A previous study provided evidence that nearly half of the difference in eight-week body weight between two divergently selected lines of chickens was a result of four loci organized in a 'radial' network (one central locus interacting with three 'radial' loci that, in turn, only interacted with the central locus). Here, we study the relationship between phenotypic change and genetic polymorphism in this empirically detected network. We use a model-free approach to study, through individual-based simulations, the dynamic properties of this polymorphic and epistatic genetic architecture.
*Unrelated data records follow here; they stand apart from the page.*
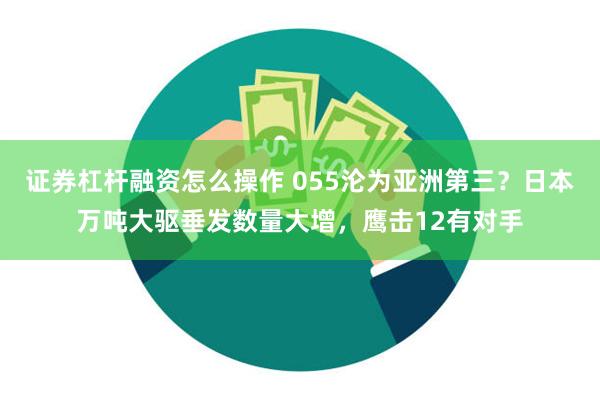 证券杠杆融资怎么操作 055沦为亚洲第三？日本万吨大驱垂发数量大增，鹰击12有对手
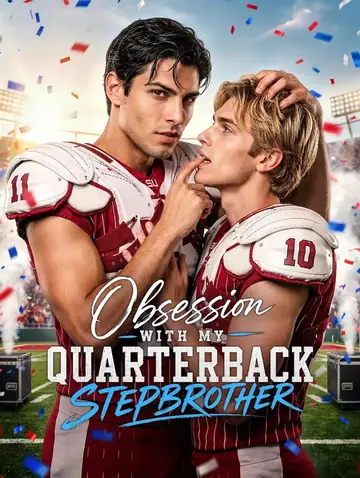 Obsession With My Quarterback Stepbrother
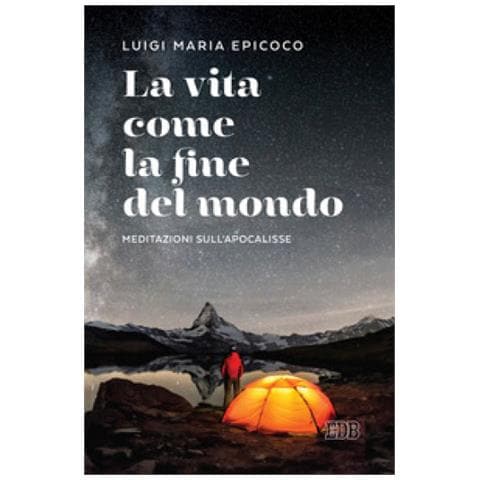 Luigi Maria Epicoco - La vita come la fine del mondo. Meditazioni sull’Apocalisse - Foto 1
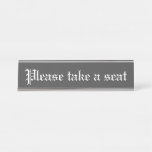 [ Thumbnail: Old Fashioned "Please Take a Seat" Desk Name Plate ]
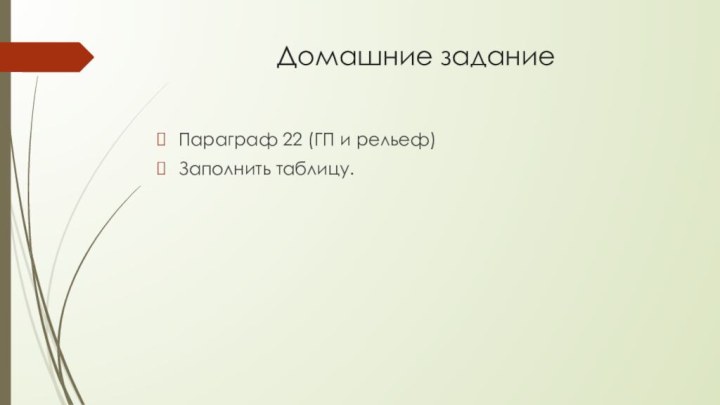 Домашние заданиеПараграф 22 (ГП и рельеф)Заполнить таблицу.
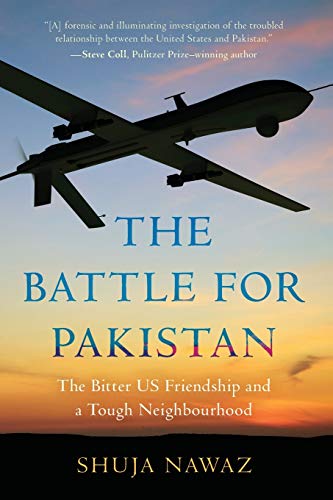 The Battle for Pakistan The Bitter US Friendship and a Tough Neighbourhood [Paperback]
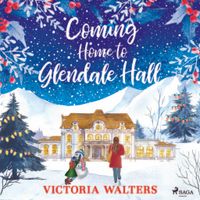 Coming Home to Glendale Hall Coming Home to Glendale Hall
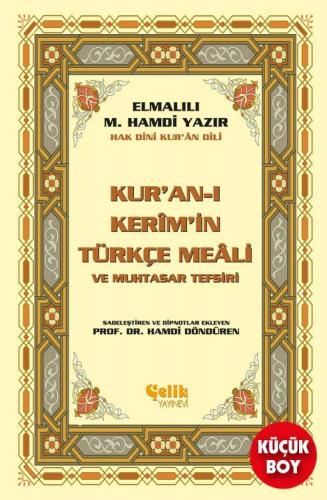 Kur'An-I Kerim'İn Yüce Meali Elmalılı M. Hamdi Yazır (Metinsiz Meal) -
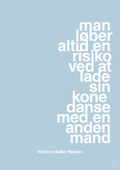 plakat: man løber altid en risiko ved at lade sin kone danse med en anden mand - heavenly blue-Fodbold-A1two3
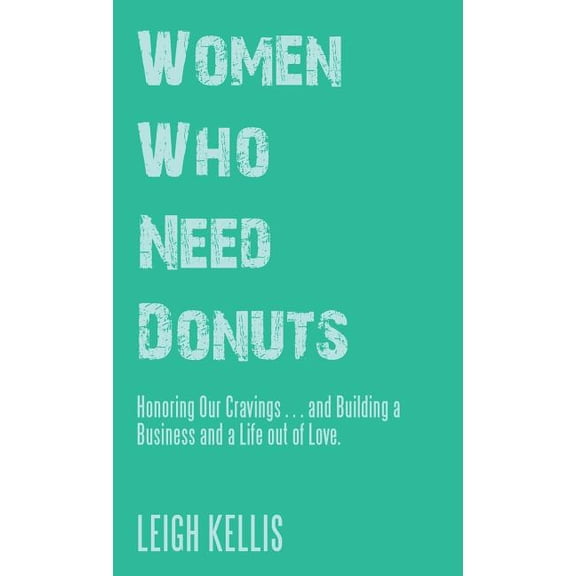Women Who Need Donuts: Honoring Our Cravings . . . and Building a Business and a Life out of Love. (Hardcover)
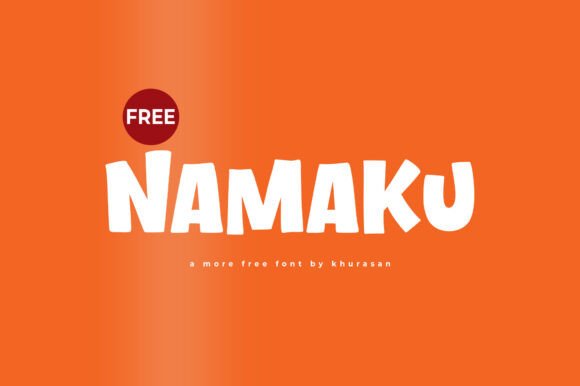 Namaku Font: A Cute Display Typeface for Campaign Creators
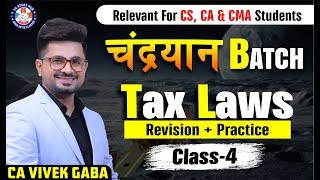 🔴चंद्रयान Batch Revision  Practice🔴  DT  IDT  Class  4  Dont Miss  Dec 23  CA Vivek Gaba [upl. by Madella368]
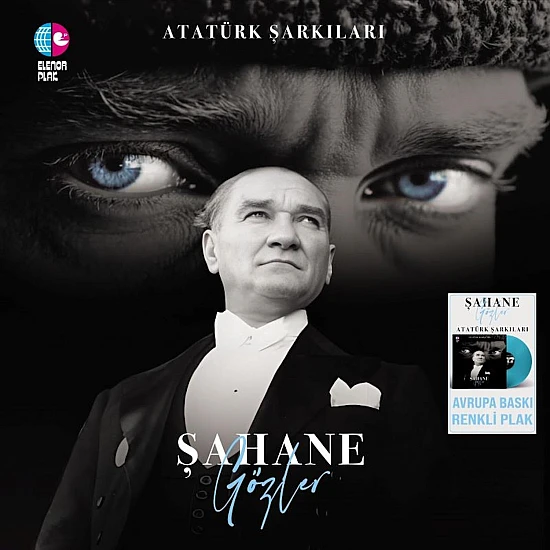 Çiğdem Gürdal - Atatürk Şarkıları Şahane Gözler (Mavi) Plak LP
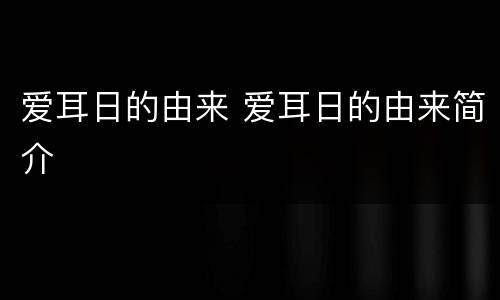 爱耳日的由来 爱耳日的由来简介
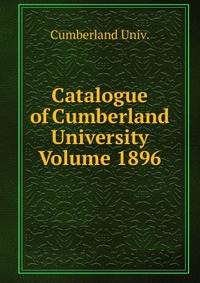 Catalogue of Cumberland University Volume 1896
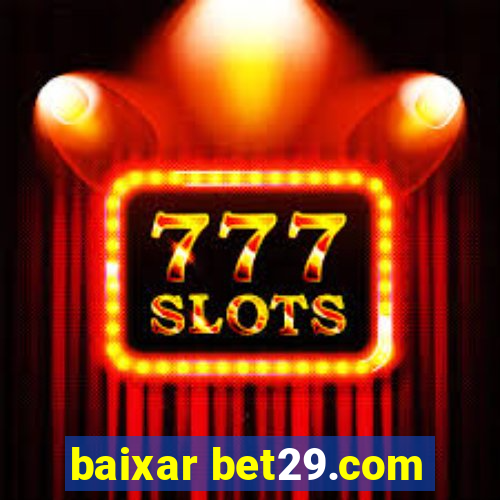 baixar bet29.com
The study provides new insights to how epistasis can modify the selection response, buffer and reveal effects of major loci leading to a progressive release of genetic variation. We also illustrate the difficulty of predicting genetic architecture from observed selection response, and discuss mechanisms that might lead to misleading conclusions on underlying genetic architectures from quantitative trait locus (QTL) experiments in selected populations.

Conclusion

Considering both molecular (QTL) and phenotypic (selection response) data, as suggested in this work, provides additional insights into the genetic mechanisms involved in the response to selection. Such dissection of genetic architectures and in-depth studies of their ability to contribute to short- or long-term selection response represents an important step towards a better understanding of the genetic bases of complex traits and, consequently, of the evolutionary properties of populations.